• **Data shown**:

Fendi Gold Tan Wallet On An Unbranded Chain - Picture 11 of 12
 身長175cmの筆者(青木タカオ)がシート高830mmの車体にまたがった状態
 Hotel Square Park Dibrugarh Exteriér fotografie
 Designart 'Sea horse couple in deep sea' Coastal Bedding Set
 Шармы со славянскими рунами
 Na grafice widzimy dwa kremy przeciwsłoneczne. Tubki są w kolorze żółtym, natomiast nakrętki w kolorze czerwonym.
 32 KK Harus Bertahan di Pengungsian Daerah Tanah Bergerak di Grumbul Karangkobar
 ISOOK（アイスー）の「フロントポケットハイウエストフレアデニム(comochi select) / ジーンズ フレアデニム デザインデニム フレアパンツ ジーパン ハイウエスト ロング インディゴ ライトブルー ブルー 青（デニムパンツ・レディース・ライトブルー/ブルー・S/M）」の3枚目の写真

• **Task instructions**:
Write out every line of the data exactly, leaving nothing out.

• **Completed task**:
Fendi Gold Tan Wallet On An Unbranded Chain - Picture 11 of 12
 身長175cmの筆者(青木タカオ)がシート高830mmの車体にまたがった状態
 Hotel Square Park Dibrugarh Exteriér fotografie
 Designart 'Sea horse couple in deep sea' Coastal Bedding Set
 Шармы со славянскими рунами
 Na grafice widzimy dwa kremy przeciwsłoneczne. Tubki są w kolorze żółtym, natomiast nakrętki w kolorze czerwonym.
 32 KK Harus Bertahan di Pengungsian Daerah Tanah Bergerak di Grumbul Karangkobar
 ISOOK（アイスー）の「フロントポケットハイウエストフレアデニム(comochi select) / ジーンズ フレアデニム デザインデニム フレアパンツ ジーパン ハイウエスト ロング インディゴ ライトブルー ブルー 青（デニムパンツ・レディース・ライトブルー/ブルー・S/M）」の3枚目の写真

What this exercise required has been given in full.